At the other end of the social hierarchy, vast slums fill the empty spaces in the city, some of which we’ve seen set up in the trash on the banks of a massive open sewer, so foul that you can taste the stench on your tongue when you walk near it. Crack fiends freebase publicly on the stoops surrounding an upscale shopping mall, and every day we walk past the immobilized bodies of diseased sidewalk dwellers, for most of whom it appears that “dwelling” is actually too positive a word for their existence. Delhi is sorely in need of projects and initiatives that attack these public problems. But the way the system is designed, there is no money for public projects. The money, no surprise, goes toward new and improved development for the rich.
The inequality plays out in gender roles, too. The city is still reeling from news of a brutal gang-rape that happened to a girl on a public bus 5 days ago. The news has sparked outrage and a series of protests against the subjugation of women in male-dominated Indian culture. The protests have galvanized student groups, activists, women’s groups and cyclists. Gaurav, the founder of a large cycling group in Delhi, told us of a protest ride that they plan to do on Saturday to promote women’s safety. It’s tragic to see an entire culture subjugate the half of its population that brings energy, life and love into the other half. But it’s inspiring to see these groups coming together, and to see the bicycle used as a vehicle/symbol for protest. Hopefully the same culture that both necessitates and provides a women-only only subway car can come to terms with the oppression that this represents.

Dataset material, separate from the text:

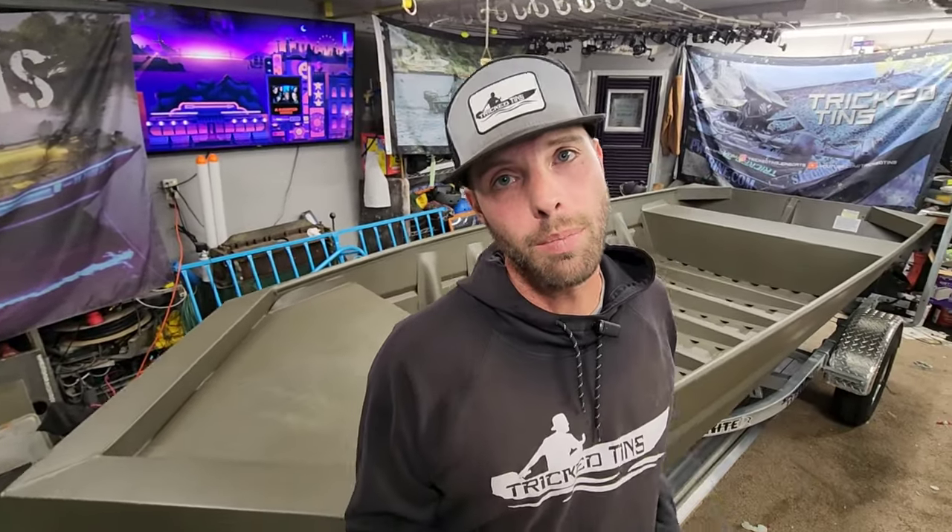I'll be glad to help you out if you have any questions. You can reach me at professionalwelding@gmail.com or check out our website, TrickTins.com — there's tons of hatches and stuff up there. I'll be glad to build you something custom if you need it. Help me out and buy some merch at trick10s.net. I appreciate you guys watching — I'll see y'all next time. This boat is going to be getting built out, so it's time for me to get back to work.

We arranged a free place to stay in Delhi, through the generosity of one of our former professors. He’s come home to India to raise a family and practice landscape architecture. We slept on the floor in an extra room of his office, and tried not to bug them when we took our bikes out to bug other people. This setup has made the last week feel more like a transition than an ending. We’re reminded, after six months of travel, what it means to be in a design office, and what it is that we’re going back to.
In a way we’ve been sitting still in time, journeying instead of thinking about ‘real life’ back home. Learning in our own way and suffering for the love of it. But time is about to hit us like a train and drag us with it. Routine – that four-letter-word that scares us both to death – is coming. Being sedentary and dull – experiencing boredom – is what scares us most. The biking has been tremendously tough at times, but toughness comes packed with extreme and vivid memories. Memories don’t come from routine, and you don’t remember comfort, but we will always remember (almost) all of this with a huge grin. Fortunately, we’ve learned from experience that even in a routine day, if you get on a bike, you will come home seeing, and feeling, more. And if you travel a bit by bike, you will feel like you’ve seen everything. The only thing going against you is the damn traffic. And, you know, good luck with that.

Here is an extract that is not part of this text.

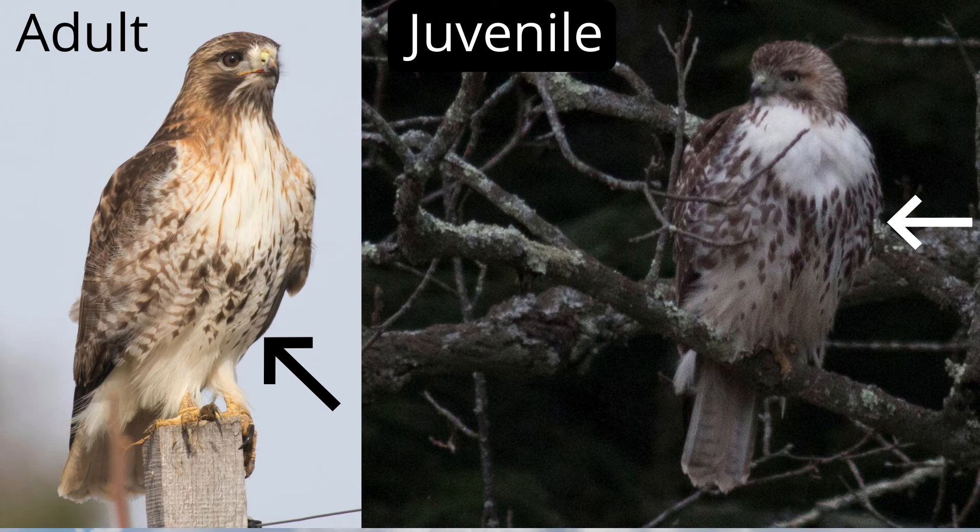Red-tailed hawks often perch in trees and on light poles, especially along highways. The belly band is a good field mark to look for when perched.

We board a plane in a few hours that will take us home, to familiarity. The unexpected has become a way of life, and there’s no telling what we will feel when it leaves, but we’re looking forward to it. The comfort of family and friends may not yield the vivid memories of travel, but it gives us shared ones, which in many ways are more important. So get ready for some love, everybody. We’re done, and we’re coming home.